Equal range search finds the contiguous range of indices where a value $x$ appears in a sorted array. It returns a pair of indices:

[l, r)

such that all elements equal to $x$ lie within this interval.

This operation combines lower bound and upper bound.

Problem

Given a sorted array $A$ of length $n$ and a value $x$ , find indices $l$ and $r$ such that:

A[i] = x \quad \text{for all } i \in [l, r)

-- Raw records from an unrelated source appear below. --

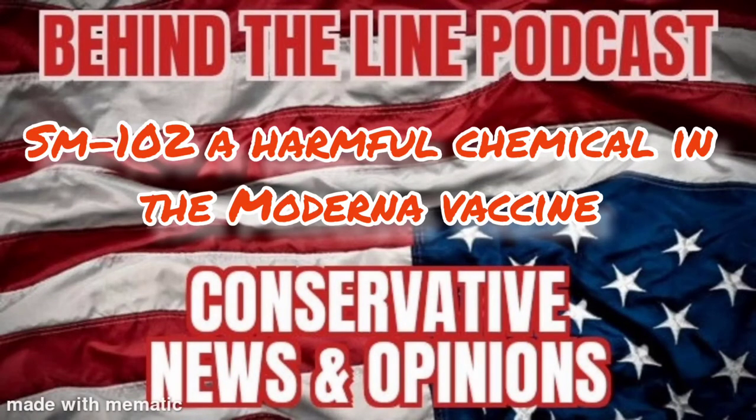SM-102. Ever heard of it? Well, it's in that Moderna COVID-19 vaccine, and I'm about to tell you what it is. This is Behind the Line.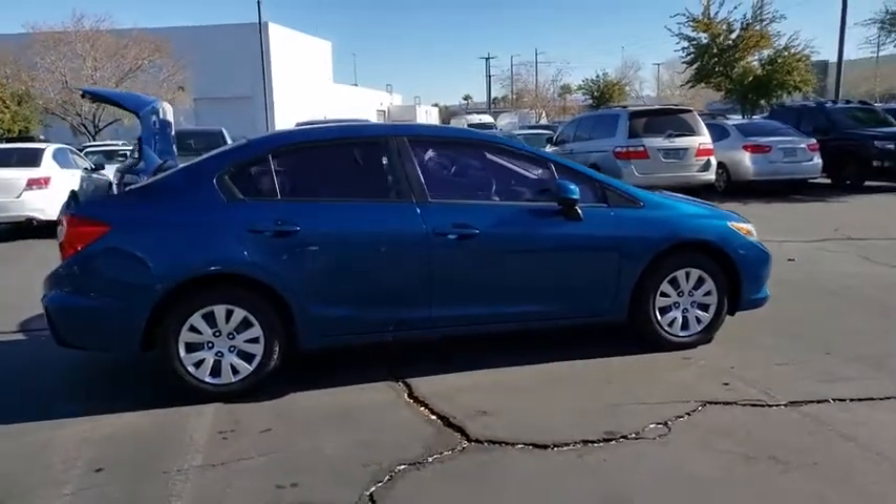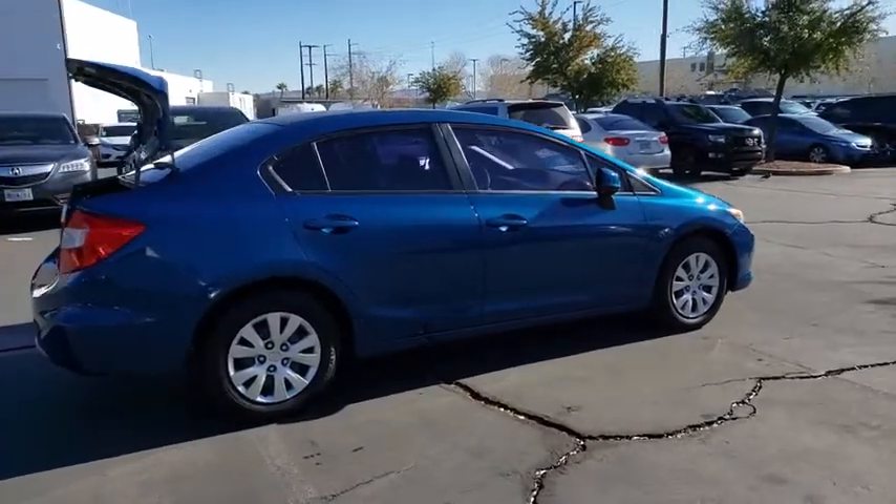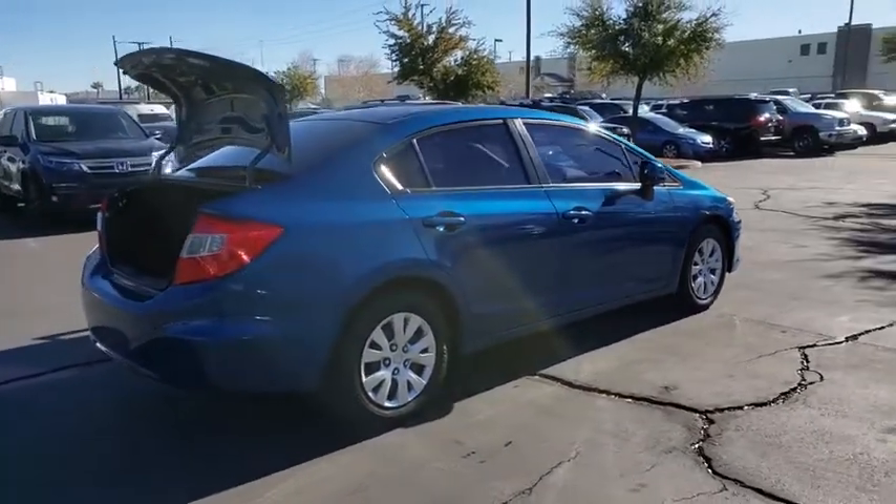This vehicle has less than 110,000 miles. Here are some of this vehicle's great options.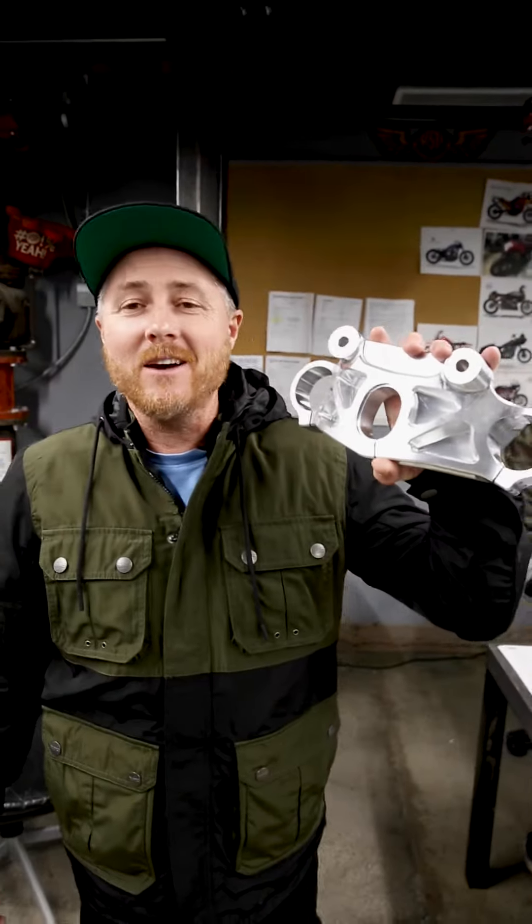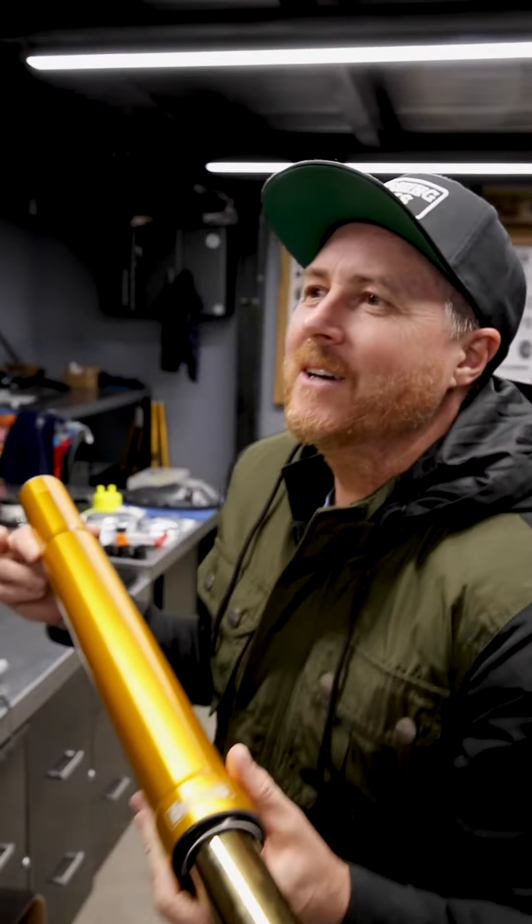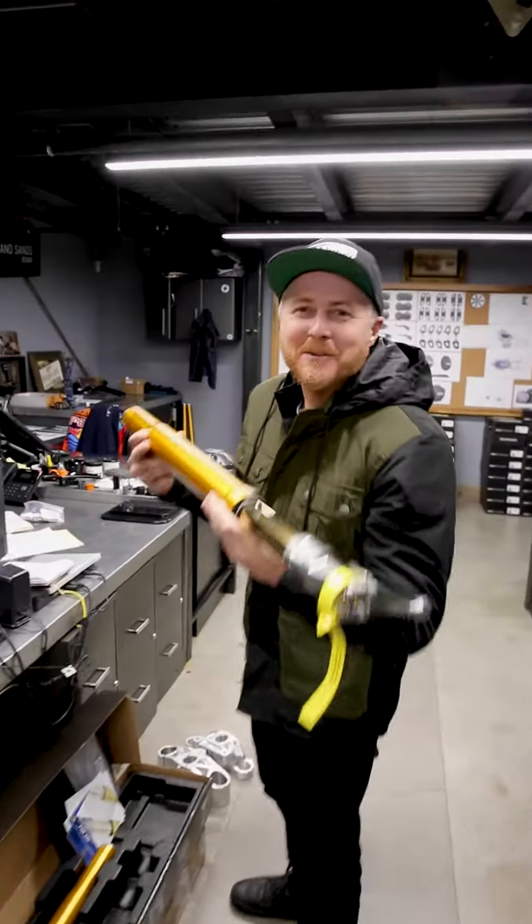We just got a new set of triple clamps from S&S. Thank you guys. That smells like money — smells like winning.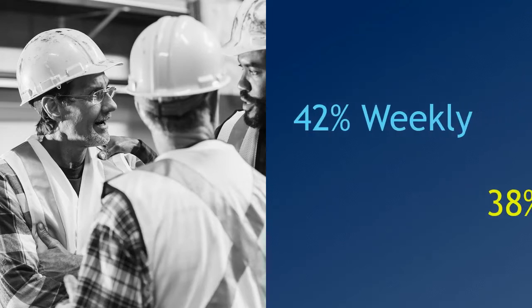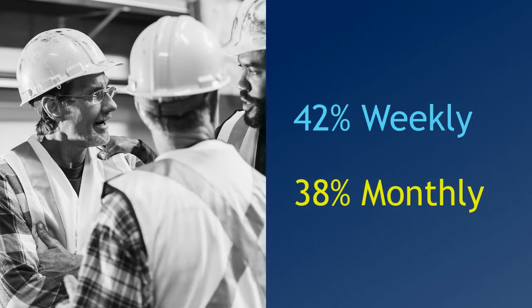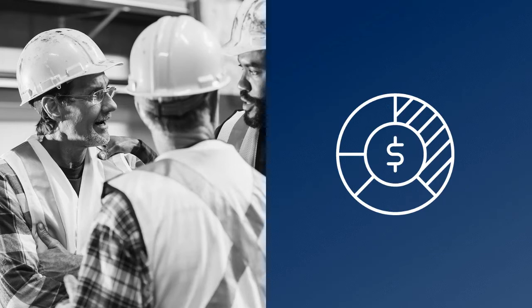In a recent project management-focused viewpoint webinar, a survey poll asked how often project managers get up-to-date job financials. 42% said weekly and 38% monthly. Either way, too many are getting job financial data too infrequently. Data to keep track of spending and billing are key to a project manager's success.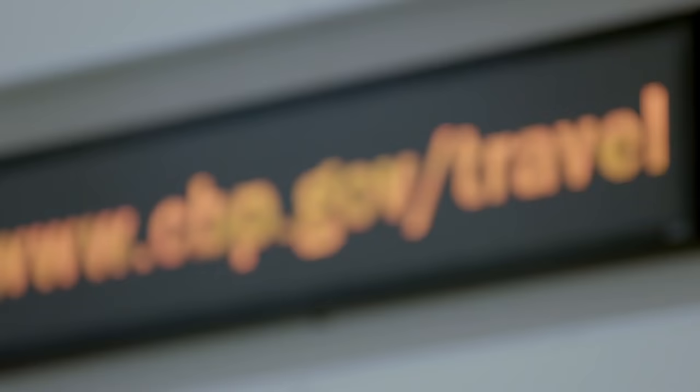U.S. Customs and Border Protection is always striving to improve the travel screening process, so be sure to visit cbp.gov/travel for the most up-to-date information on documentation and travel needs. Place your completed declaration form into the front cover of your passport.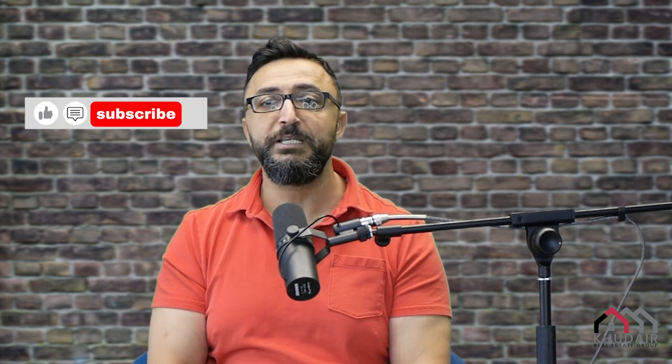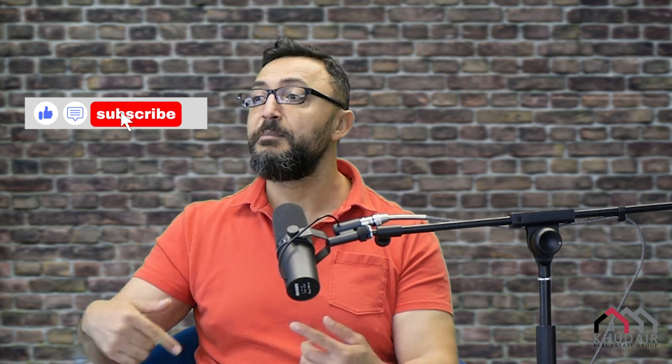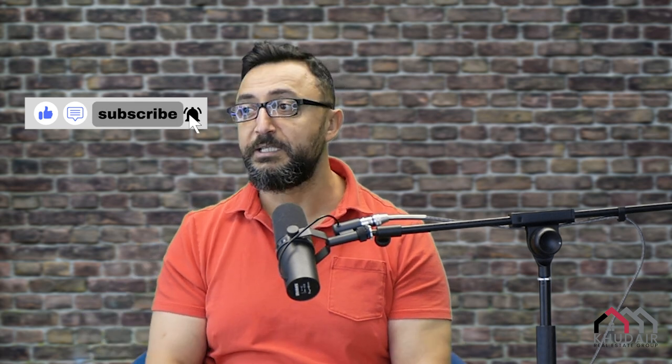This is why I'm here. My name is Fadi Kuder. I'm a local realtor here with Sutton Group Ottawa. For more videos like this about real estate — commercial or residential — please don't forget to hit the like and subscribe so you can get more videos like that. Let's talk real estate.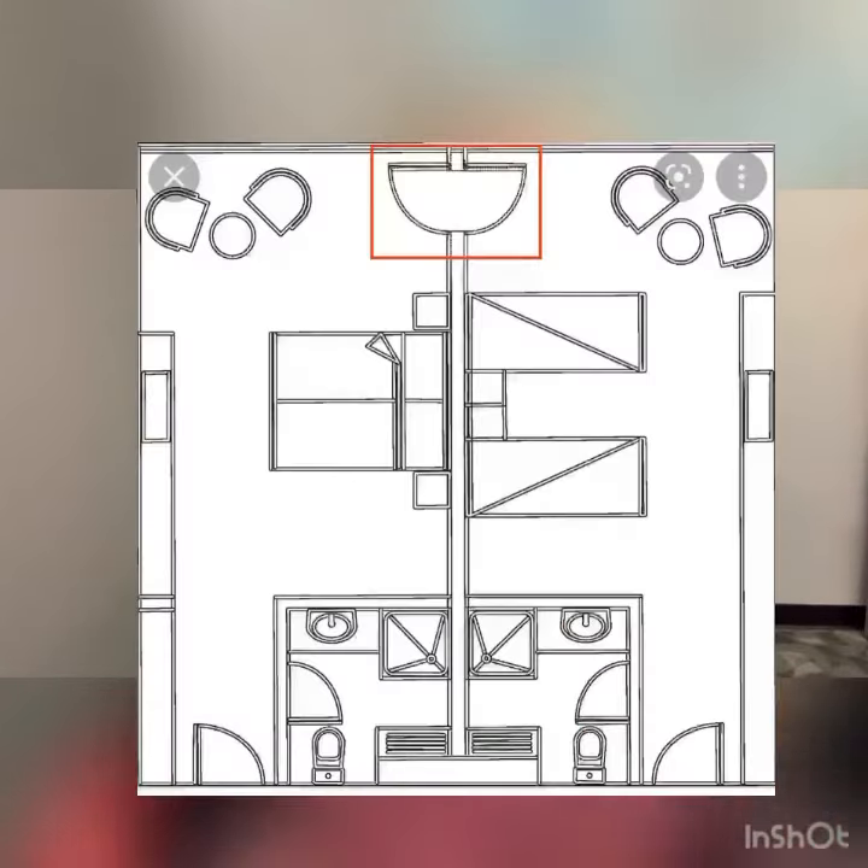Starting with room categories, a lot of families want what we would call connecting or adjoining rooms. Literally there are two rooms and they have a door in between them so that you can have access to your entire family. A lot of times at hotels and resorts those connecting or adjoining rooms are on request only, meaning they are not guaranteed.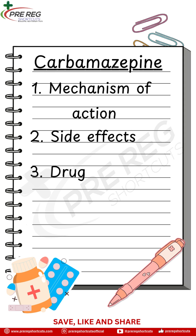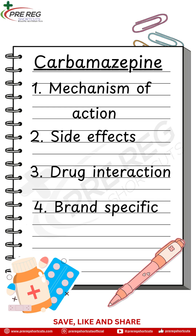Three: drug interactions. This medicine speeds up the breakdown of other drugs, like birth control pills, so always check for interactions.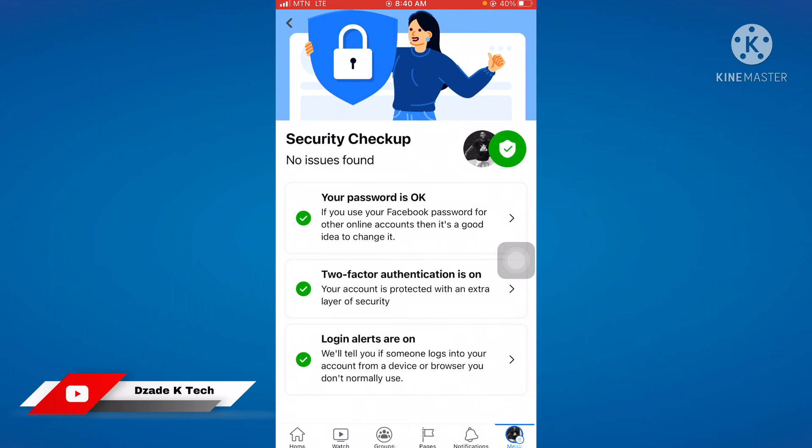Your password should be a very strong one. If you are using the same password for your Instagram and other online accounts, Facebook is telling you that it is a good idea to change that password. The password you use for Facebook should be a very private and unique one that you don't use anywhere else at all.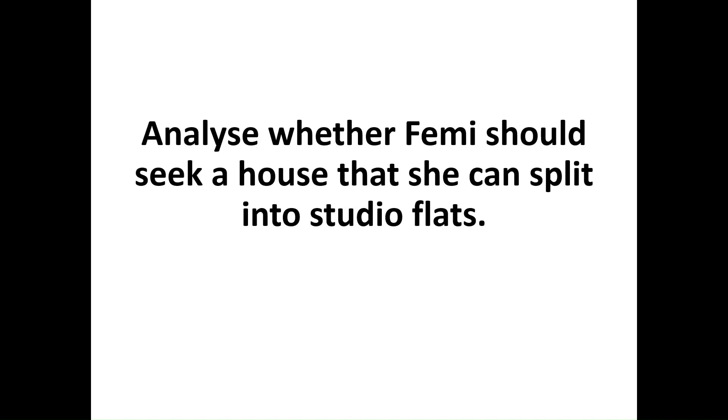In this episode, we're going to be looking at the following question: Analyze whether Femi should seek a house that she can split into studio flats. A question such as this would attract 10 marks.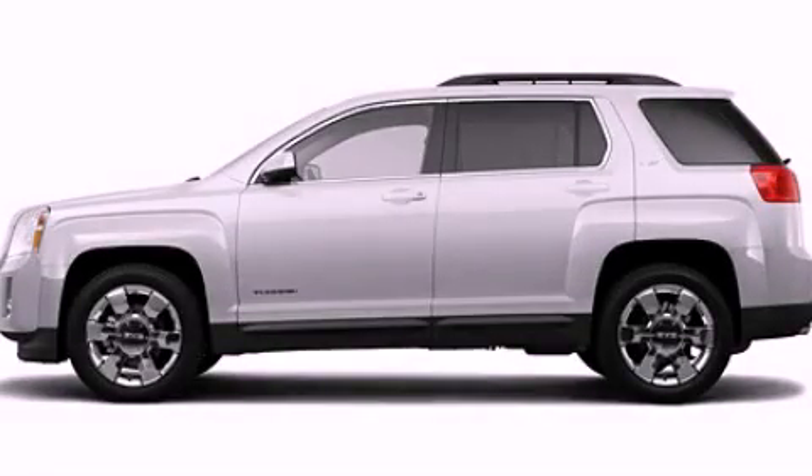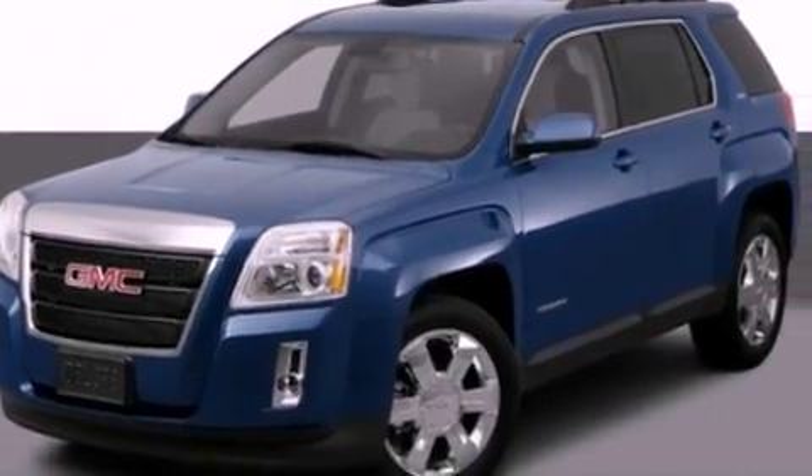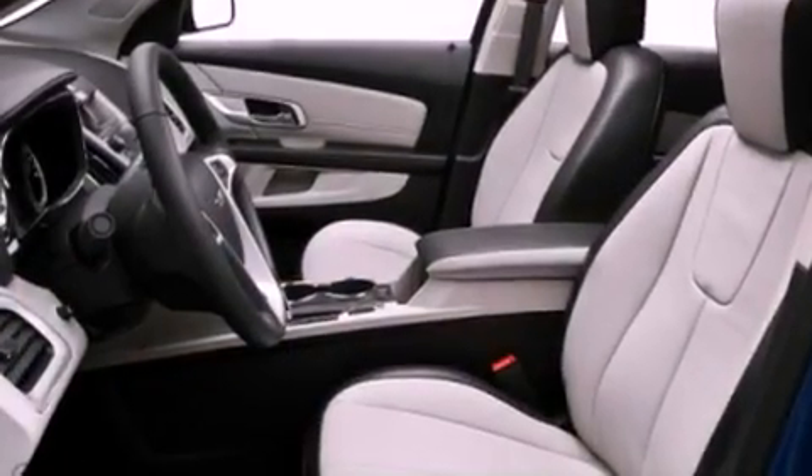This is a 2011 GMC Terrain, a car-like ride in space like an SUV. It features a four-cylinder engine and an automatic transmission.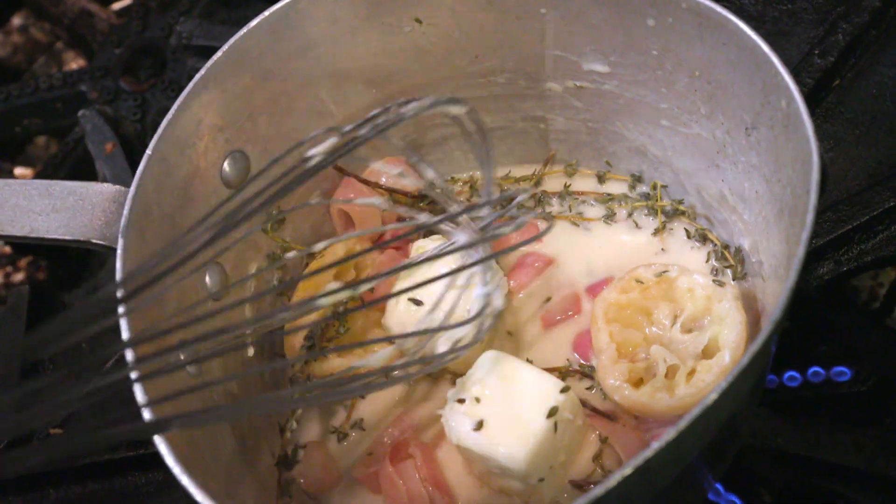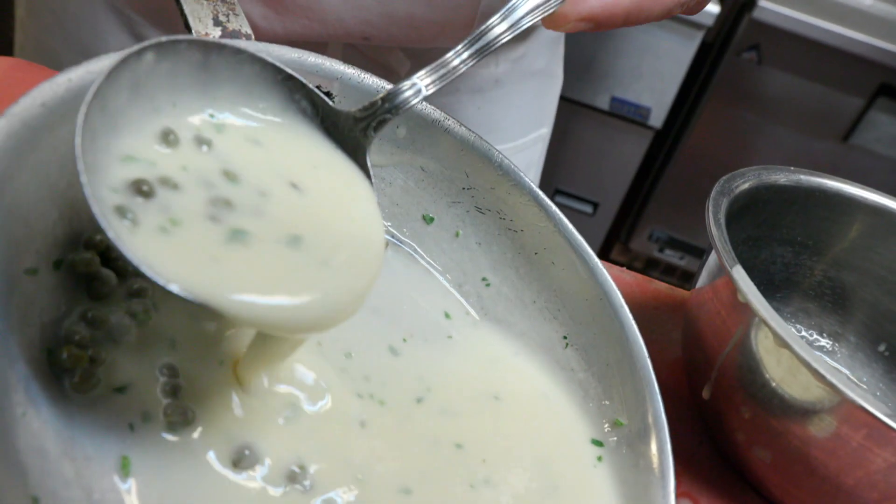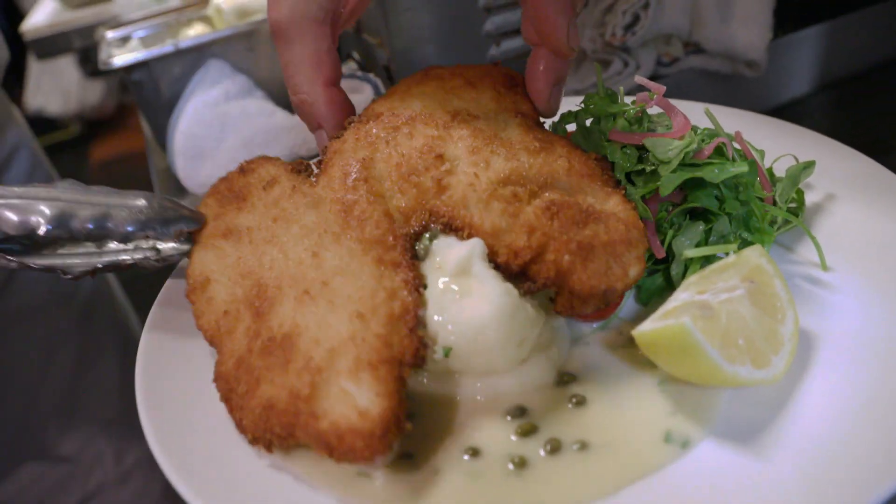The beurre blanc adds a lot too. It's nice and bright — the capers add a little bit of salinity, a little brininess. The wine from the reduction in the butter sauce just makes it pop.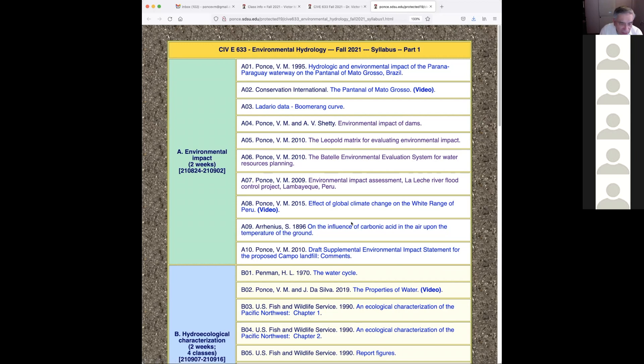He wrote an extremely important and early paper — he talked about global climate change in the year 1896. For those who think global climate change was invented by Al Gore in 2005 when he put his film together, they're wrong. Global climate change has been around since at least 1896. The substantial early work was done by the Swedish scientist Arrhenius, who subsequently got a Nobel Prize — though I believe the Prize was for some other work, not for this paper.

If $x$ does not appear, return an empty range where $l = r$ .

Key Idea

Compute:

$l = \text{lower\_bound}(x)$
$r = \text{upper\_bound}(x)$

Then:

[l, r)

contains all occurrences of $x$ .

Algorithm

equal_range(A, x):
    l = lower_bound(A, x)
    r = upper_bound(A, x)
    return (l, r)

Example

Let

A = [1, 3, 3, 3, 5, 7]

and

x = 3

Then:

lower bound = $1$
upper bound = $4$

So the result is:

[1, 4)

Interpretation

Elements in $[l, r)$ are equal to $x$
Elements before $l$ are less than $x$
Elements from $r$ onward are greater than $x$

This forms a clean partition of the array.

Correctness

Lower bound ensures:

A[l] \ge x

Upper bound ensures:

A[r] > x

Together:

all indices in $[l, r)$ satisfy $A[i] = x$
no index outside the range contains $x$

Complexity

operation	time
lower bound	$O(\log n)$
upper bound	$O(\log n)$
total	$O(\log n)$

Space:

O(1)

Use Cases

Count occurrences:

r - l

Range queries in sorted arrays
Deduplication boundaries
Frequency counting without scanning

Implementation

def equal_range(a, x):
    def lower_bound(a, x):
        l, r = 0, len(a)
        while l < r:
            m = l + (r - l) // 2
            if a[m] < x:
                l = m + 1
            else:
                r = m
        return l

    def upper_bound(a, x):
        l, r = 0, len(a)
        while l < r:
            m = l + (r - l) // 2
            if a[m] <= x:
                l = m + 1
            else:
                r = m
        return l

    l = lower_bound(a, x)
    r = upper_bound(a, x)
    return (l, r)

func EqualRange(a []int, x int) (int, int) {
    lower := func(a []int, x int) int {
        l, r := 0, len(a)
        for l < r {
            m := l + (r-l)/2
            if a[m] < x {
                l = m + 1
            } else {
                r = m
            }
        }
        return l
    }

    upper := func(a []int, x int) int {
        l, r := 0, len(a)
        for l < r {
            m := l + (r-l)/2
            if a[m] <= x {
                l = m + 1
            } else {
                r = m
            }
        }
        return l
    }

    l := lower(a, x)
    r := upper(a, x)
    return l, r
}